INPUT RECORDS: Begin

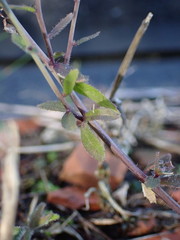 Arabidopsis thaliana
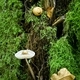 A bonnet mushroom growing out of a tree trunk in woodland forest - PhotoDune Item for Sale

INPUT RECORDS: End
INPUT RECORDS: Begin

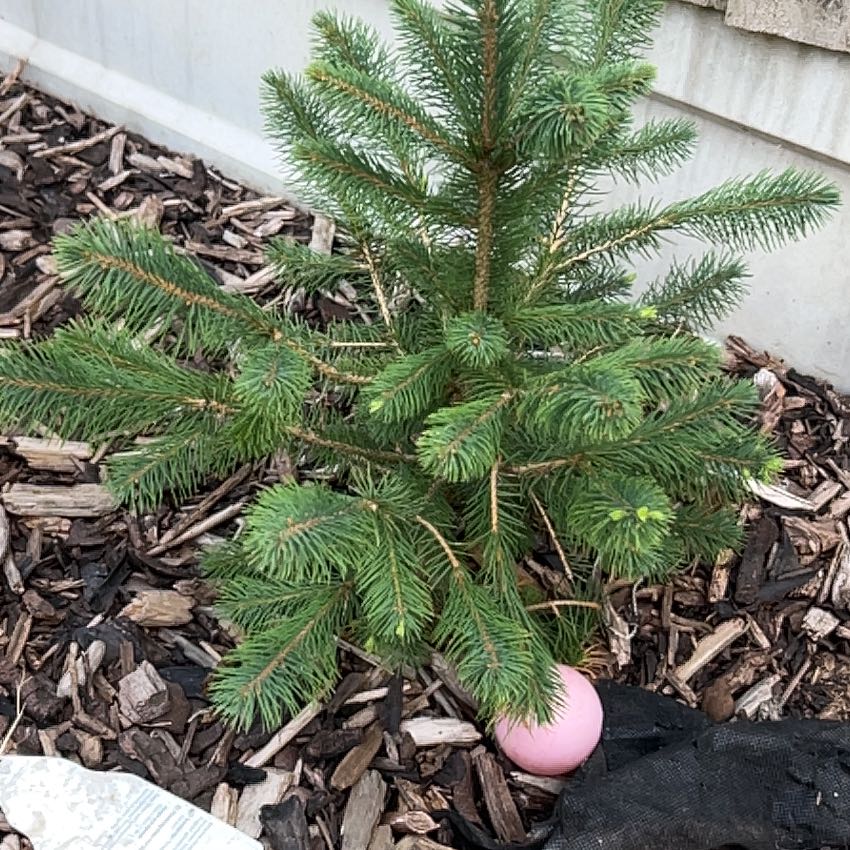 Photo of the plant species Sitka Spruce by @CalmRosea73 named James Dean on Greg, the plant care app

INPUT RECORDS: End

# ABOUT THIS EXERCISE:
Set the pictures aside and reproduce exactly the lines above, from the line holding "Arabidopsis thaliana" through the line holding "A bonnet mushroom", both included, with nothing else.

# TASK RESPONSE:
 Arabidopsis thaliana
 A bonnet mushroom growing out of a tree trunk in woodland forest - PhotoDune Item for Sale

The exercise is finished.